Compensating Devices.

Sometimes an important property has unwelcome effects which, in particular cases, cannot be applied to advantage, and must be counterbalanced with as much care as possible. Many pieces of mechanism from the qualities of their materials are subject to deviations which must be compensated by introducing equal and opposite action. Tasks of this kind proceed upon an intimate acquaintance with the properties of substances common and uncommon. From the first making of clocks there was much trouble due to changes of temperature which affected the dimensions of pendulums, and consequently their rate of going. This difficulty is overcome by taking advantage of the fact that heat expands zinc about two-and-a-half times as much as it expands steel. Accordingly the two-second pendulum of the great clock at Westminster is built of a steel rod 179 inches in length, and a zinc tube, less massive, 126 inches long; they are joined at their lower ends only and are parallel. As temperatures vary, the fluctuations in length of the steel compensate those which occur in the zinc. Another mode of effecting the same purpose is to employ a cylinder partly filled with mercury; as this rises when warmed it exactly compensates for the lengthening by expansion of its supporting rod of steel.

Gravity, that universal force at which we have just glanced as it swings a pendulum, cannot be banished, but its downward push may be balanced by an equal upward thrust.
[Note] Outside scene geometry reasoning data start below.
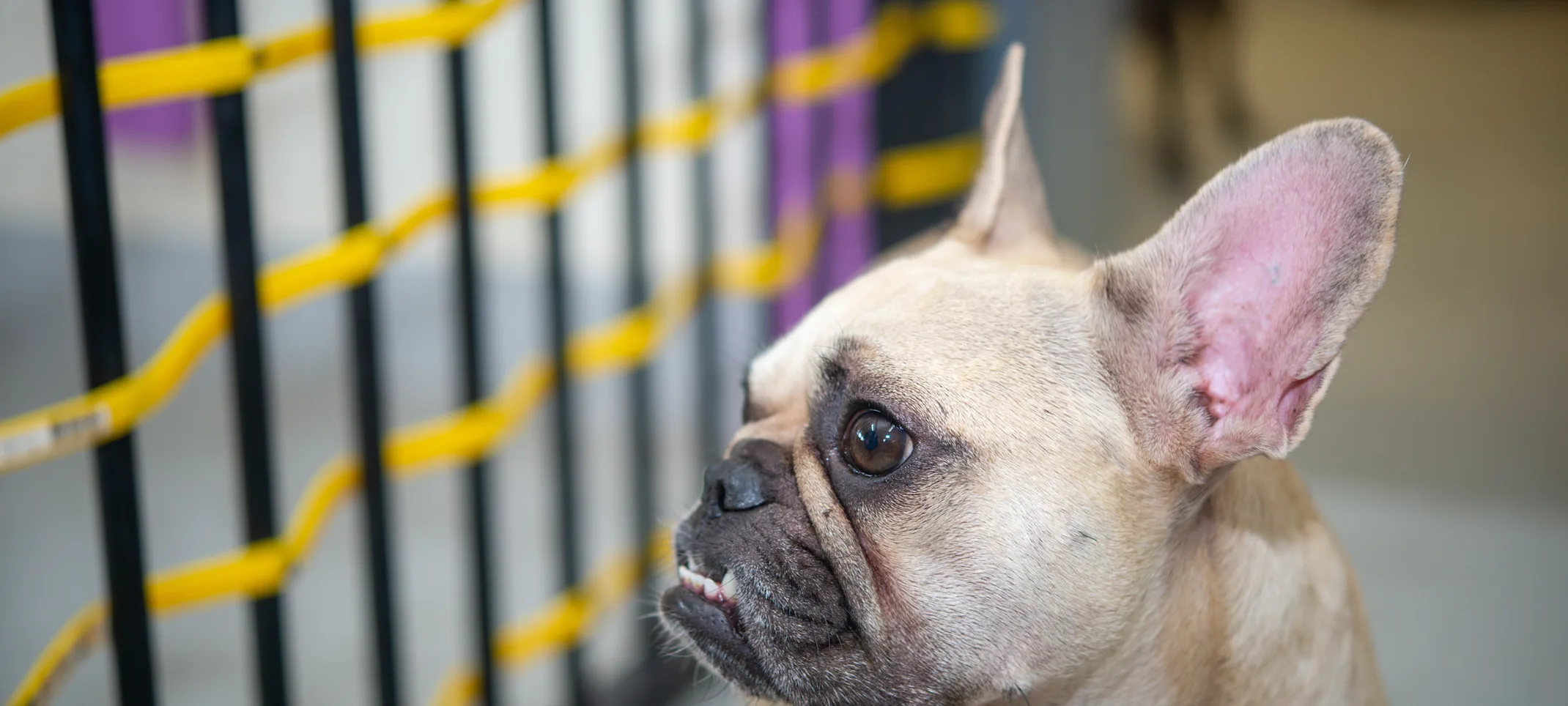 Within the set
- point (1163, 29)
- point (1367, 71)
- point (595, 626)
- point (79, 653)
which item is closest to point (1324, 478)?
point (1367, 71)

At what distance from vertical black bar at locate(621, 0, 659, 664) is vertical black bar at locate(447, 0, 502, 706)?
236 millimetres

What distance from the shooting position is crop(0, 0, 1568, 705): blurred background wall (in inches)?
52.4

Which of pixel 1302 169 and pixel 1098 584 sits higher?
pixel 1302 169

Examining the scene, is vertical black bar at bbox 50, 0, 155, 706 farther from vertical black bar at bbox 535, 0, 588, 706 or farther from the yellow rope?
vertical black bar at bbox 535, 0, 588, 706

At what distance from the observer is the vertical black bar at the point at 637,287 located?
1.55 meters

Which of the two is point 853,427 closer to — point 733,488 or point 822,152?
point 733,488

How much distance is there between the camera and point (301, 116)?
384 centimetres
In a remarkable feat Plateau poured oil into a blend of water and alcohol, adding alcohol until he produced a mixture having the same specific gravity as the oil—which now became a sphere, taking its place in the middle of the diluted spirits. He then introduced into the oil a vertical disc which he rotated; very soon spherules of oil separated themselves from the parent mass, and as satellites moved in the same direction as the primary sphere, because immersed as they were in the diluted alcohol, they shared the direction of its motion: the whole afforded a remarkable illustration of how nebulae may become planets, moons, and suns.

On somewhat the same principle as Plateau’s model are the liquid compasses for ships. Their needles are disposed within hollow metallic holders of the same specific gravity as the immersing liquid, in which therefore they move with perfect freedom on their sapphire bearings. Sometimes it is desired to use compass needles so poised that they will respond to the slightest magnetic influence. To this end one needle is placed above another, the north pole of the first over the south pole of the second; the astatic needle formed by this union is much more sensitive than a simple needle. The astatic needle, for all its ingenuity, is little used; of incomparably more importance is that other magnetic device, the telephone. No sooner had it entered into business than a serious fault was found with its messages; they arrived blurred and mingled with many sounds and noises, as if the conveying wire had caught every audibility of a neighborhood. The difficulty is remedied by using two conductors instead of one, and so arranging them that the currents induced on one conductor are exactly equal and opposite to those induced in the other.